Open jillianchang opened 3 years ago

jillianchang commented 3 years ago

This PR integrates the markup branch into the master branch.

jillianchang commented 3 years ago

Can #70 be visited in order to apply the variable markup?

kylebgorman commented 3 years ago

Can #70 be visited in order to apply the variable markup?

I'm not sure what you mean re: #70. It seems like everything is working with respect to that and you updated the tests.

kylebgorman commented 3 years ago

This all looks good to me. My only thought is that do we want to keep the old and new behavior in separate grammars so users can choose to have variable markup or not? Just thinking out loud.

Even if we do this maybe we should just merge now.

It doesn't seem like the CircleCI tests are running when you submit (they run for me).

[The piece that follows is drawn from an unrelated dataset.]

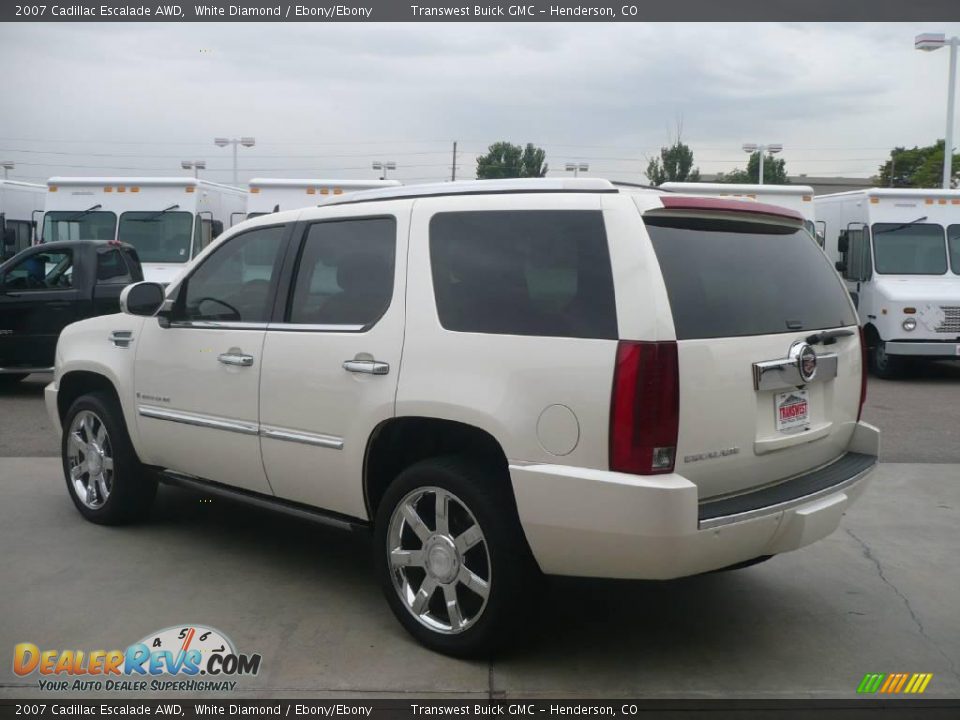2007 Cadillac Escalade AWD White Diamond / Ebony/Ebony Photo #4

I'm not sure what that's about.

jillianchang commented 3 years ago

Can #70 be visited in order to apply the variable markup?

I'm not sure what you mean re: #70. It seems like everything is working with respect to that and you updated the tests.


__________________________ ScansionTest.test_aen_1_1 ___________________________

self =

def test_aen_1_1(self):
    text = "Arma virumque canō, Trojae quī prīmus ab ōris"
    verse = self.scan_verse(text, 1)
    self.assertEqual(verse.number, 1)
    self.assertEqual(verse.text, text)
    self.assertEqual(
        verse.norm, "arma virumque canō trojae quī prīmus ab ōris"
    )
    self.assertEqual(
        verse.raw_pron, "arma wirũːkwe kanoː trojjaj kwiː priːmus ab oːris"
    )
    self.assertEqual(
        verse.var_pron, "arma wirũːkwe kanoː trojjaj kwiː priːmus‿ab‿oːris"
    )

    # Tests foot structures.
    self.assertEqual(verse.foot[0].type, latin_scansion.Foot.DACTYL)
    self.assertEqual(verse.foot[1].type, latin_scansion.Foot.DACTYL)
    self.assertEqual(verse.foot[2].type, latin_scansion.Foot.SPONDEE)
    self.assertEqual(verse.foot[3].type, latin_scansion.Foot.SPONDEE)
    self.assertEqual(verse.foot[4].type, latin_scansion.Foot.DACTYL)
    self.assertEqual(verse.foot[5].type, latin_scansion.Foot.SPONDEE)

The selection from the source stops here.